Un certain nombre de chansons ont été écrites pour l'album, mais n'ont pas été incluses dans la version finale. Certaines d'entre elles ont été incluses dans un album bootleg intitulé The Lost Gaucho, qui contient des enregistrements réalisés au début des sessions de Gaucho. Les titres des chansons comprennent Kind Spirit, Kulee Baba, The Bear, Talkin' About My Home et The Second Arrangement[17]. Une première version de Third World Man, datant des sessions d'Aja et comportant d'autres paroles, figure sur The Lost Gaucho sous le titre Were You Blind That Day[17].

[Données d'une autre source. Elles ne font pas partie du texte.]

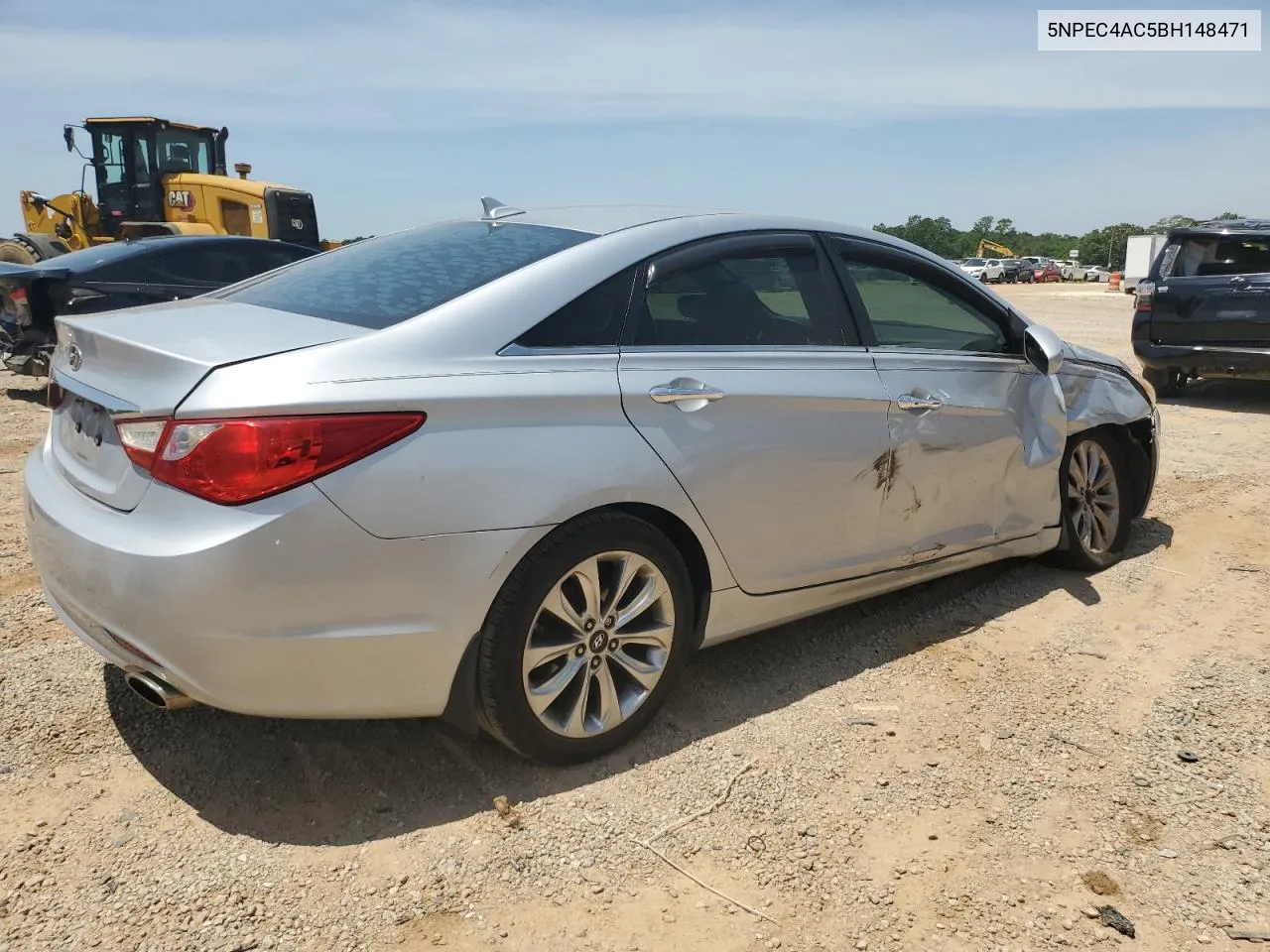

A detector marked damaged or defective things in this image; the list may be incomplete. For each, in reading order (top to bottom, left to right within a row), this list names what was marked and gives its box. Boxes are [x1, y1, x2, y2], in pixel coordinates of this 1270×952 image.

The Second Arrangement était l'une des chansons préférées de Katz et Nichols lors des sessions de Gaucho[18]. Fin décembre 1979, après des semaines de travail sur une version particulière de la chanson, environ les trois quarts de la piste ont été accidentellement effacés par un assistant ingénieur, à qui Katz avait demandé de la préparer pour qu'elle soit écoutée[5],[18]. Le groupe a tenté de réenregistrer la chanson, mais l'a finalement abandonnée[18], se concentrant plutôt, selon le biographe de Steely Dan, Brian Sweet, sur Third World Man[17]. Lors d'une réunion de guitaristes en 2011, Larry Carlton a déclaré à propos de Third World Man :
« Lorsque le magazine Billboard a publié ... un article sur Gaucho, il était écrit "Steely Dan sort ... bla bla bla ... et un grand solo de guitare de Larry Carlton", et j'ai dit "mais je n'ai pas joué sur Gaucho, ils l'ont enregistré à New York, je n'ai pas joué dessus". J'ai appris plus tard qu'ils avaient terminé le mixage à New York et que l'un des seconds ingénieurs avait effacé l'une de leurs bandes principales. Ils ont dû se replonger dans les vieilles bandes et trouver quelque chose pour finir l'album, et c'est ainsi que je me suis retrouvé sur Gaucho à participer sur Third World Man[19]. »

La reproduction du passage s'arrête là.